Lucknow, August 2 (TNA) Few medals at the Olympics by a country of 1.4 billion is not enough, we must train rural youth to become big game changers through sports. Words of wisdom and foresight, spoken by R Venkataram, member Advisory board TRIF, former managing trustee Tata Trusts at the India Rural Colloquy on the first day of the one-week long Zoom sessions which started on Sunday evening.

This mega event is being organized by Transforming Rural India Foundation (TRIF), which works with NGOs and governments to develop and delivers solutions for rural India. Expressing his views in the session under Going forward- Rural India 2025 Venkatram said that Technology is an equalizer and helps destroy inequalities prevalent in society. He said good training can take our youth, especially in the rural India to great heights. He was of the view that a hyper collaboration of networks will help bring change faster.

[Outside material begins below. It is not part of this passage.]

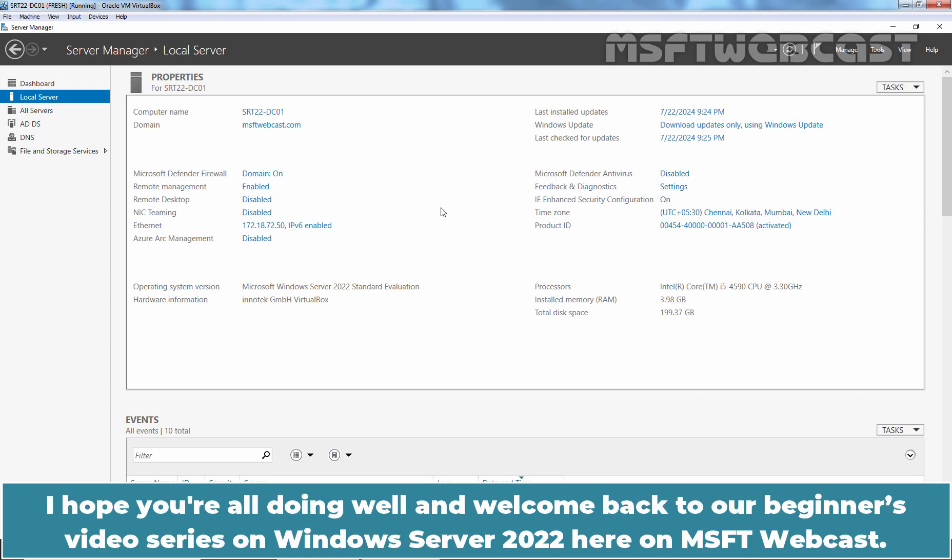Hello everyone, I hope you are all doing well and welcome back to our beginners video series on Windows Server 2022 here on MSFT webcast.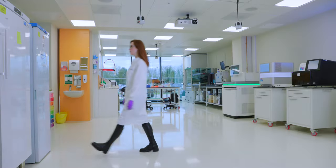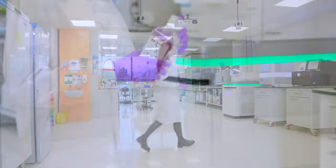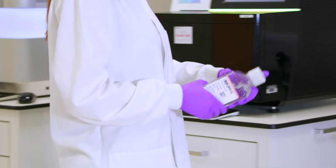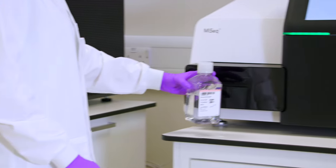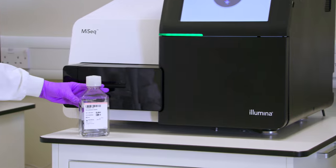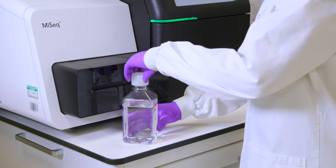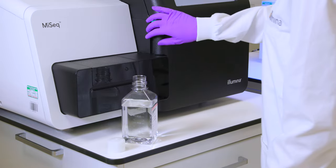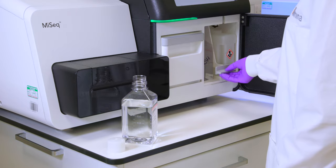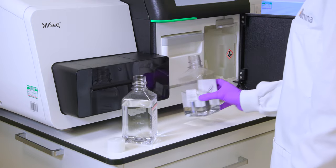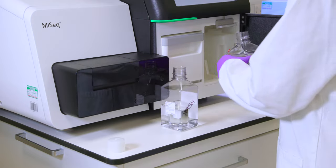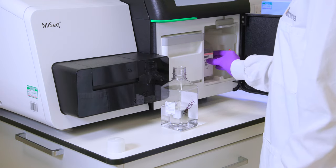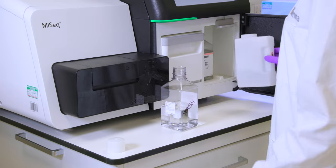Remove the PR2 bottle from 2 to 8 degrees Celsius storage. Invert to mix. Open the reagent compartment door. Raise the zipper handle until it locks into place. Remove the wash bottle and load the PR2 bottle. Remove the waste bottle and empty the contents into the appropriate waste container.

Venkataraman said we do not have to just remove inequalities but also the insensibilities. He said the leap forward in technology has only increased inequalities. Citing an example he said that webinars are limited to those who have access to technology.

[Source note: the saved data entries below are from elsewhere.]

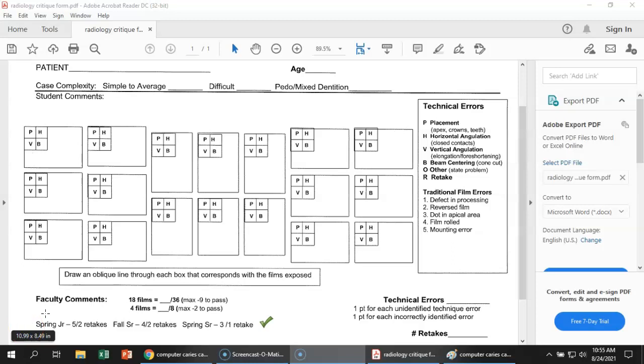Hi, everyone. I'm just going to make a quick video here that goes over the critiquing process for you to use as a reference.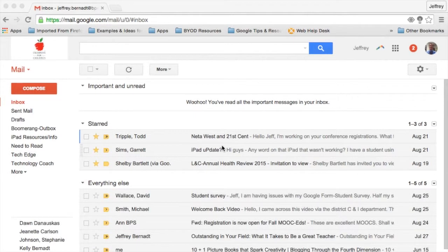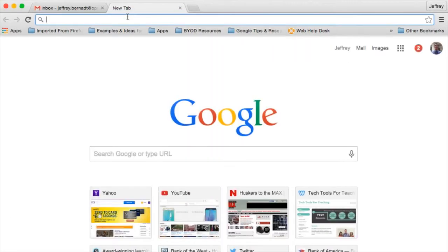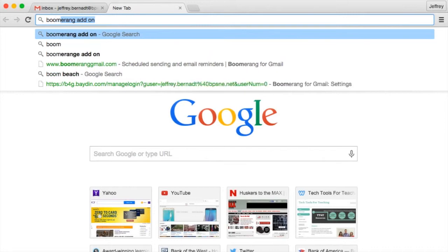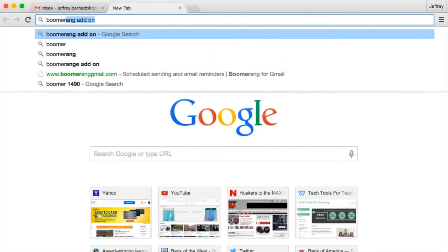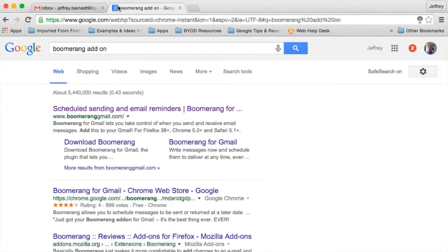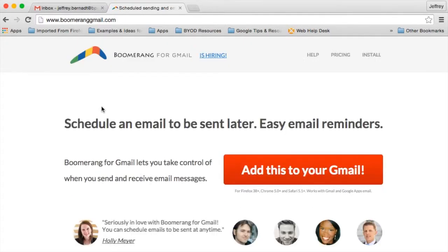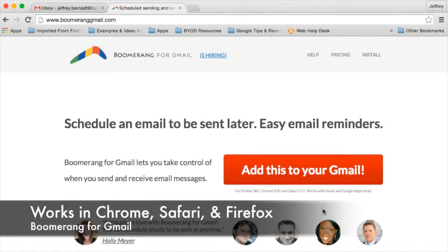Before I show you that, I've got to show you how to get it installed. It's real simple. Simply open up a new tab, search Boomerang add-on, and you're going to find boomeranggmail.com. Simply click 'Add this to your Gmail.' You can use this for Firefox, Chrome, or Safari, depending on your preference.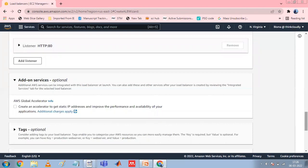When you use HTTPS for your load balancer listener, you must deploy an SSL certificate on your load balancer. The load balancer uses the certificate to terminate the connection and decrypt requests from clients before sending them to targets. Additionally, specify the security policy that the load balancer uses to negotiate SSL connections with the clients.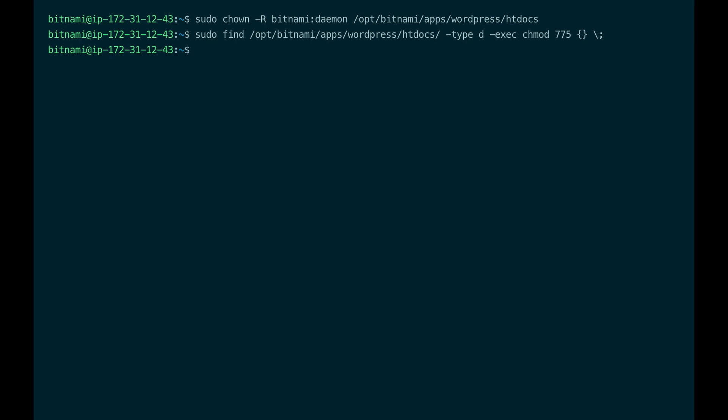The files in the WordPress htdocs folder need read and write permissions for the owner and group, and read permissions for others. Again, you can use the find command.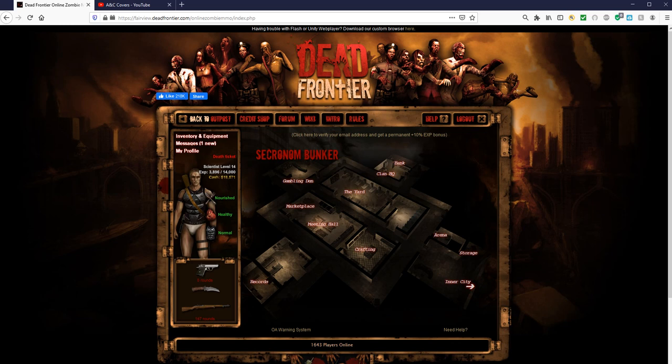Yo, what's good? It's Sully Entertainment TV, and I am back playing some more Dead Frontier, but I'm not playing Dead Frontier today. If you read the title of this video, you know that I'm actually doing a giveaway.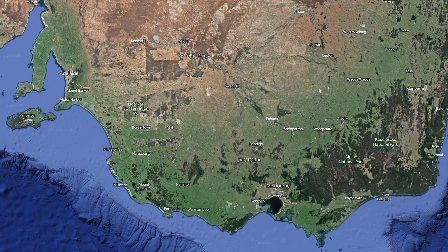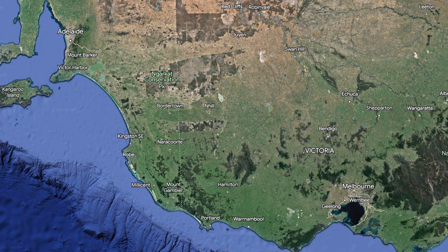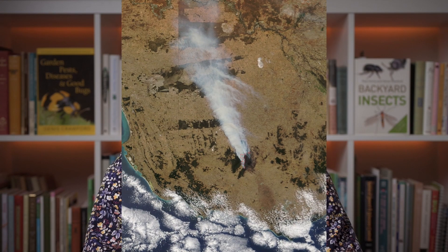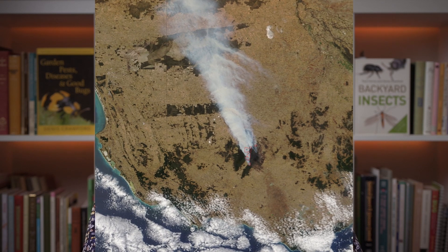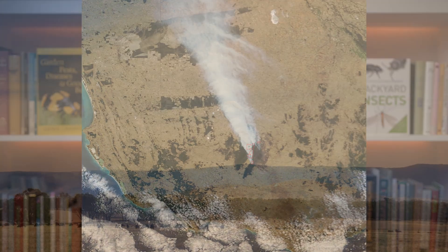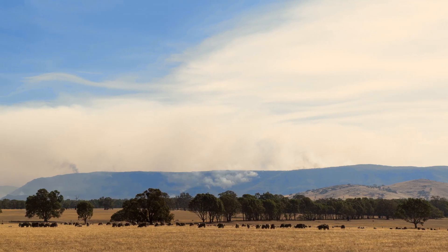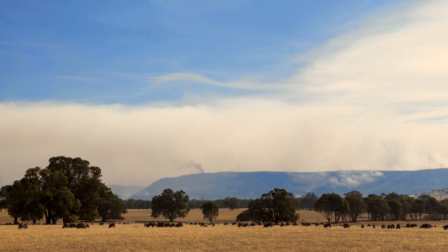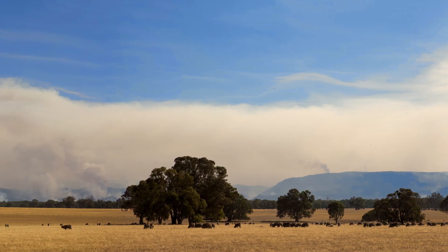The fire burned for a couple of weeks or so, from about late January to early February, and it burned through more than 130,000 hectares, including about half of the Grampians National Park.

Bharati Ramola, chair, Adv Board TRIF, former Markets leader, PwC India who was also a panelist in the conversation which discussed challenges, solutions and visualized Rural India ten years hence spoke out against Indian youth obsession with government jobs.

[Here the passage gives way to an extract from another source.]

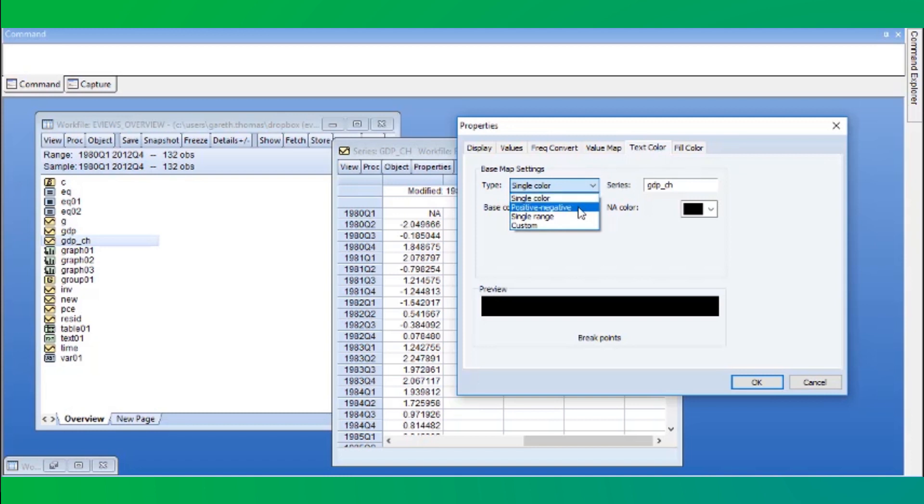We can change this using the type dropdown. To begin, we'll change to simple positive-negative coloring, which will put negative values in red.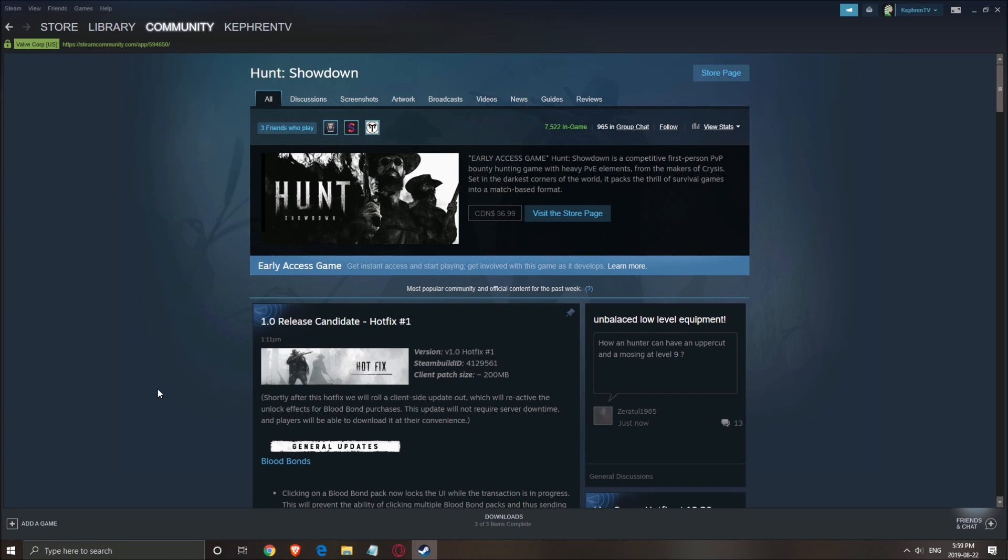Hi everybody, it's Skefren, your favorite French Canadian. Today I'm going to show you how to boost your FPS in Hunt Showdown.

She said we must discourage this mindset in our youth that aspires ‘only’ for government jobs because such jobs are few and when they fail they become dejected. Instead, she suggested we must deploy an entrepreneurial approach and raise their canvas.

We must counsel and enable the aged through sessions and training and at the same time teach our youth to spend time with the elderly and let them not feel alone and left out.
Dr Sanjiv Phansalkar, chair, TRIF, former program director, Tata Trusts

She said she visualizes rural India with pucca roads and houses, a good healthcare system with a special focus on women's health. She said she had dreams for the youth of rural India which are special dreams. While a quarter of the rural youth population she would like to see in colleges, the second quarter she would prefer engaged in skilling sector, the third quarter Ramola fancied as gone from the village for higher education and the fourth quarter she dreams will be joining their elders in agriculture.

She spoke of how she visualizes villages in 2030 where all the parameters of education, healthcare, and proactive management of the environment are in synch. She said that even if she knows in her mind that all this is not possible and that this is but an Eldorado but she said that we must all ever try to be part of her dream for rural India and work towards making at least some of it come true.

However, she was honest to accept that inequalities in women, Dalit was not really possible to wipe out in the near future. She suggested that we must start working on removing these social biases right at the school level when minds can be moulded easily.

Talking about rural infrastructure Ramola warned about haphazard structural development said that care must be taken when modernizing a village e that we do not morph them into unplanned cities. She said that except for a few planned cities like Chandigarh the rest of the cities in the country are unplanned and therefore an eyesore. She said resources to be used for infrastructural development of the rural areas must be done with care and precision.

We must counsel and enable the aged through sessions and training and at the same time teach our youth to spend time with the elderly and let them not feel alone and left out.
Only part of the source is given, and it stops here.